*** Exercise data

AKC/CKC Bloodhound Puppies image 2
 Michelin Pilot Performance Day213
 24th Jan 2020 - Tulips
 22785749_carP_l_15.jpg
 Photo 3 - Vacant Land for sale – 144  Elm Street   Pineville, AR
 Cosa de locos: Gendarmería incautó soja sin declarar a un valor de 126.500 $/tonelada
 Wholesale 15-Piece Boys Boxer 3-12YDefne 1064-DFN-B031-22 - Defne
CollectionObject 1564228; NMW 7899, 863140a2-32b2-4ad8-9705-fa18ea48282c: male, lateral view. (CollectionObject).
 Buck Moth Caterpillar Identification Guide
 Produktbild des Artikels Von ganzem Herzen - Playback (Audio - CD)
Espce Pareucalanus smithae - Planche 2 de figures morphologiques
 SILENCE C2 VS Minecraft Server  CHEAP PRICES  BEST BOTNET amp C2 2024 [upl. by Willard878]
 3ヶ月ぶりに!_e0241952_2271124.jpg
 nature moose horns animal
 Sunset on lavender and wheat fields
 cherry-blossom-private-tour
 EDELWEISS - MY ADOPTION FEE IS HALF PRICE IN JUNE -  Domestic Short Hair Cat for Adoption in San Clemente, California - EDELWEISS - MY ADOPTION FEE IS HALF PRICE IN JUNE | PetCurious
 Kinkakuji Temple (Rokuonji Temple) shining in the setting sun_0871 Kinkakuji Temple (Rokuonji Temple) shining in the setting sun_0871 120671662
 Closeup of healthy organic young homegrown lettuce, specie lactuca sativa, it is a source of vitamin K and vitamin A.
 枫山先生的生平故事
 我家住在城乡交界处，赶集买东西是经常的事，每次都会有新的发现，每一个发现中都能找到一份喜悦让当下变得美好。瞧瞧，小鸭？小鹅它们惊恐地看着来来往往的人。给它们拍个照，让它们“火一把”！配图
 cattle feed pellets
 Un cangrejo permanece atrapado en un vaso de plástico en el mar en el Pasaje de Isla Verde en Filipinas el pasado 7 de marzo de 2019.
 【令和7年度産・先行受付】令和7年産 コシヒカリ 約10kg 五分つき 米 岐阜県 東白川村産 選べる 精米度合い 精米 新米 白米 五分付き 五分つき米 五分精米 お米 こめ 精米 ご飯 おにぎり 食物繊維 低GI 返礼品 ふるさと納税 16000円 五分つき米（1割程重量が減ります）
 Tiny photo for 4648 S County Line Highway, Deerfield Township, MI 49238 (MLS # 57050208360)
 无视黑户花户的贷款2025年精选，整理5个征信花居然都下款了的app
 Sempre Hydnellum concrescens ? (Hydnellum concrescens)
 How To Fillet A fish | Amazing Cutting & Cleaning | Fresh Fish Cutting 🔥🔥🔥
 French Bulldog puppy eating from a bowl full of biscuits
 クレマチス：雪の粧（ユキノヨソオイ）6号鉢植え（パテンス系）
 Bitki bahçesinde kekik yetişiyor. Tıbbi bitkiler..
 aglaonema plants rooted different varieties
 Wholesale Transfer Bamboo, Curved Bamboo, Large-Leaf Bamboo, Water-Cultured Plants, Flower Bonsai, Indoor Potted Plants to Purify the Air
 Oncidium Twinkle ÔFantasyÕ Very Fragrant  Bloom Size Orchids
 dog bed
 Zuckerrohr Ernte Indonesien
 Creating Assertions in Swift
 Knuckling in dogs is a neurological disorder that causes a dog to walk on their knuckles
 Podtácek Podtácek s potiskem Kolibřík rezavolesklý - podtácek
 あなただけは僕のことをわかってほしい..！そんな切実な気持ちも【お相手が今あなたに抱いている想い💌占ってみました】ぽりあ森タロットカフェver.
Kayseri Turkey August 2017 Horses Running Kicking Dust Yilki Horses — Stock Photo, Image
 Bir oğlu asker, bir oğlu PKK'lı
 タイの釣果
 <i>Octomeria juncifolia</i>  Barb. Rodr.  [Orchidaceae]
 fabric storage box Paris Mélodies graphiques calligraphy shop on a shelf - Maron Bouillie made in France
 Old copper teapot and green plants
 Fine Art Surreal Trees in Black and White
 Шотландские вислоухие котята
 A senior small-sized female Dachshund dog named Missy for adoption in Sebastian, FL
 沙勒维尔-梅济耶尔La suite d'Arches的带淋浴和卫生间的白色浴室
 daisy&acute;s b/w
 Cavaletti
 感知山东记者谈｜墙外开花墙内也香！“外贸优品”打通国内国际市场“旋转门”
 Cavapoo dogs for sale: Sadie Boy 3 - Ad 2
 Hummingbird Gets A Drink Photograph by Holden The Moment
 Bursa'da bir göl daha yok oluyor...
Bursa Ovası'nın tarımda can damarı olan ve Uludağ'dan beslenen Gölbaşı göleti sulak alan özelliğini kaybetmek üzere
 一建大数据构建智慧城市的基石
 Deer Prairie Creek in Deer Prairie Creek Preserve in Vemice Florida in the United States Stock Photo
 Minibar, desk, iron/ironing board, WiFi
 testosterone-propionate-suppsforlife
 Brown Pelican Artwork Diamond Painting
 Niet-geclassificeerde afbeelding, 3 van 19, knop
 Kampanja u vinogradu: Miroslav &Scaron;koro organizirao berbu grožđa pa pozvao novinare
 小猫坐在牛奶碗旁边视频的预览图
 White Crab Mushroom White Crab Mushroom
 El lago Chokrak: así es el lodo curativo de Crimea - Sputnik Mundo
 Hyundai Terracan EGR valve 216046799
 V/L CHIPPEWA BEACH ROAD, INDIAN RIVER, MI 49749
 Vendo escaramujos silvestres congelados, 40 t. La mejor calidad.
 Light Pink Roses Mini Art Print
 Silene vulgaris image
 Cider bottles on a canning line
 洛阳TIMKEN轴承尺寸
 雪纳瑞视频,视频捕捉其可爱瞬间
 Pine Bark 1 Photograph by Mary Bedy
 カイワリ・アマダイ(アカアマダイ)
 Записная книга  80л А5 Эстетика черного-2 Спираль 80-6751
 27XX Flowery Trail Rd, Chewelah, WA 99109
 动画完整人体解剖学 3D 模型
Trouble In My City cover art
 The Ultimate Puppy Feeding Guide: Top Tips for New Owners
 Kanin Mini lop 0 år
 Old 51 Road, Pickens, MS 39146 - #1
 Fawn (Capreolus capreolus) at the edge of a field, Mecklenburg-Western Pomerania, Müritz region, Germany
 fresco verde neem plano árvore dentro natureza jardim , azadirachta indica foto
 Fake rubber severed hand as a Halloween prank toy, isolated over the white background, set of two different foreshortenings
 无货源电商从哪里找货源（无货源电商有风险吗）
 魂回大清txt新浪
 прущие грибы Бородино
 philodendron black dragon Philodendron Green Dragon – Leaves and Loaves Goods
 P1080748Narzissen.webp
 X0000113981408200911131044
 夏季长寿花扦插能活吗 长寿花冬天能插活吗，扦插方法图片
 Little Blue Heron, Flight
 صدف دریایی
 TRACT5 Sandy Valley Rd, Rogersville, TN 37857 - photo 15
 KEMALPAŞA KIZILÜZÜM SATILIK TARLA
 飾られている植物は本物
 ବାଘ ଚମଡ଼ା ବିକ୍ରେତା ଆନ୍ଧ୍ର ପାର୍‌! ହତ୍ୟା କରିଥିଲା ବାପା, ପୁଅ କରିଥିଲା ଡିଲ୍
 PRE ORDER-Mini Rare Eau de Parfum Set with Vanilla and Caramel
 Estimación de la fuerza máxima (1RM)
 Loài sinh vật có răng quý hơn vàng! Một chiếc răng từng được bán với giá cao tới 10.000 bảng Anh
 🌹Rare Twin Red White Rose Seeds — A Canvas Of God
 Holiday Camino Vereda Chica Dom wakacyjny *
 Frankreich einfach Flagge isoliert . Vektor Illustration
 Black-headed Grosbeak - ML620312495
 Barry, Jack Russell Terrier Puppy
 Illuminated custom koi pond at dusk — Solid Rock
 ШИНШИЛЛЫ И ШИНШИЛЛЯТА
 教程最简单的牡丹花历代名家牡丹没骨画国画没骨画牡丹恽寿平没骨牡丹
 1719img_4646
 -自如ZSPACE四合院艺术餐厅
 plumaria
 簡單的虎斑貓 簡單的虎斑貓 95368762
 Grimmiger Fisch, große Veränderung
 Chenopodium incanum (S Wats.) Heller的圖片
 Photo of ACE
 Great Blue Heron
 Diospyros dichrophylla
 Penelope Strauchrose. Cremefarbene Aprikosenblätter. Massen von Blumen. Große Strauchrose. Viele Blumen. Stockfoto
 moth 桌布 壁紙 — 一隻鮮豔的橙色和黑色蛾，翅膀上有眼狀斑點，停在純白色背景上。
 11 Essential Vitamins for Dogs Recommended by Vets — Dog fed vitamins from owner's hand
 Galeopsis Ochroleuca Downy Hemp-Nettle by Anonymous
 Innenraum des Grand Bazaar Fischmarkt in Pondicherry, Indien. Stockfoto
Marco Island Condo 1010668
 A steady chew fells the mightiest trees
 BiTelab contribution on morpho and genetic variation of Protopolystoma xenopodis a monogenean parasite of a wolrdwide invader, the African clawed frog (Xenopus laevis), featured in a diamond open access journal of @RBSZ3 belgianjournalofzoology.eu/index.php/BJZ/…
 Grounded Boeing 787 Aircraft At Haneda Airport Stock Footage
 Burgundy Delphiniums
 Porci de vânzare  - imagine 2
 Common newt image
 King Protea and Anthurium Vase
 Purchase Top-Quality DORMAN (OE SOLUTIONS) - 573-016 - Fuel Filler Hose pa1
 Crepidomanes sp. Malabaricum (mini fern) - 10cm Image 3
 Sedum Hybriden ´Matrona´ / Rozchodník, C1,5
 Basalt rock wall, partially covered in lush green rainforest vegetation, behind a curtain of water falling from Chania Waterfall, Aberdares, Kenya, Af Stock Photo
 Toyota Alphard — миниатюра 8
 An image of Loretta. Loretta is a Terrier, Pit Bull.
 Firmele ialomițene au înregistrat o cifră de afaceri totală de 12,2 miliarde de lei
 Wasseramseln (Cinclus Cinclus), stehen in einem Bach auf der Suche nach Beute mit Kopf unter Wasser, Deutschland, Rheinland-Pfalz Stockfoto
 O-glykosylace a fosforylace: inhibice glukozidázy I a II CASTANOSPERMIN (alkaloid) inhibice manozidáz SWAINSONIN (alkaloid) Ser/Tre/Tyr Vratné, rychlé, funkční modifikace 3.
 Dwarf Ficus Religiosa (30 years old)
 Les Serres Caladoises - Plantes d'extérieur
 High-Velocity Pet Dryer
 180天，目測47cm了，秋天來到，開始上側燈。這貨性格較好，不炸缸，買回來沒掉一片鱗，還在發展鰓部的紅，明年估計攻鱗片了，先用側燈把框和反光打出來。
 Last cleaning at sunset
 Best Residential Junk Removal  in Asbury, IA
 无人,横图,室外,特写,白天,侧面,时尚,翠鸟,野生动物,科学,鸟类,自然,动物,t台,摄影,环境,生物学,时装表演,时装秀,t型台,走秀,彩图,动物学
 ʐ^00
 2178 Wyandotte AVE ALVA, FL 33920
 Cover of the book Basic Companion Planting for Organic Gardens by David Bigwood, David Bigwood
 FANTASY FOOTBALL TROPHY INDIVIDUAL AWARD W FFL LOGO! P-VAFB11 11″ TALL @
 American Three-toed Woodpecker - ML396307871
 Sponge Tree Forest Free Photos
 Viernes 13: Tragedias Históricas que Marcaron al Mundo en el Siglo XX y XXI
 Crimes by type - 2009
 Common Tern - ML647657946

******

● **Directions**
All lines above between those holding "Closeup of healthy" and "Шотландские вислоухие котята", inclusive, must be set down unchanged, and no other line may be included.

● **Solved problem**
 Closeup of healthy organic young homegrown lettuce, specie lactuca sativa, it is a source of vitamin K and vitamin A.
 枫山先生的生平故事
 我家住在城乡交界处，赶集买东西是经常的事，每次都会有新的发现，每一个发现中都能找到一份喜悦让当下变得美好。瞧瞧，小鸭？小鹅它们惊恐地看着来来往往的人。给它们拍个照，让它们“火一把”！配图
 cattle feed pellets
 Un cangrejo permanece atrapado en un vaso de plástico en el mar en el Pasaje de Isla Verde en Filipinas el pasado 7 de marzo de 2019.
 【令和7年度産・先行受付】令和7年産 コシヒカリ 約10kg 五分つき 米 岐阜県 東白川村産 選べる 精米度合い 精米 新米 白米 五分付き 五分つき米 五分精米 お米 こめ 精米 ご飯 おにぎり 食物繊維 低GI 返礼品 ふるさと納税 16000円 五分つき米（1割程重量が減ります）
 Tiny photo for 4648 S County Line Highway, Deerfield Township, MI 49238 (MLS # 57050208360)
 无视黑户花户的贷款2025年精选，整理5个征信花居然都下款了的app
 Sempre Hydnellum concrescens ? (Hydnellum concrescens)
 How To Fillet A fish | Amazing Cutting & Cleaning | Fresh Fish Cutting 🔥🔥🔥
 French Bulldog puppy eating from a bowl full of biscuits
 クレマチス：雪の粧（ユキノヨソオイ）6号鉢植え（パテンス系）
 Bitki bahçesinde kekik yetişiyor. Tıbbi bitkiler..
 aglaonema plants rooted different varieties
 Wholesale Transfer Bamboo, Curved Bamboo, Large-Leaf Bamboo, Water-Cultured Plants, Flower Bonsai, Indoor Potted Plants to Purify the Air
 Oncidium Twinkle ÔFantasyÕ Very Fragrant  Bloom Size Orchids
 dog bed
 Zuckerrohr Ernte Indonesien
 Creating Assertions in Swift
 Knuckling in dogs is a neurological disorder that causes a dog to walk on their knuckles
 Podtácek Podtácek s potiskem Kolibřík rezavolesklý - podtácek
 あなただけは僕のことをわかってほしい..！そんな切実な気持ちも【お相手が今あなたに抱いている想い💌占ってみました】ぽりあ森タロットカフェver.
Kayseri Turkey August 2017 Horses Running Kicking Dust Yilki Horses — Stock Photo, Image
 Bir oğlu asker, bir oğlu PKK'lı
 タイの釣果
 <i>Octomeria juncifolia</i>  Barb. Rodr.  [Orchidaceae]
 fabric storage box Paris Mélodies graphiques calligraphy shop on a shelf - Maron Bouillie made in France
 Old copper teapot and green plants
 Fine Art Surreal Trees in Black and White
 Шотландские вислоухие котята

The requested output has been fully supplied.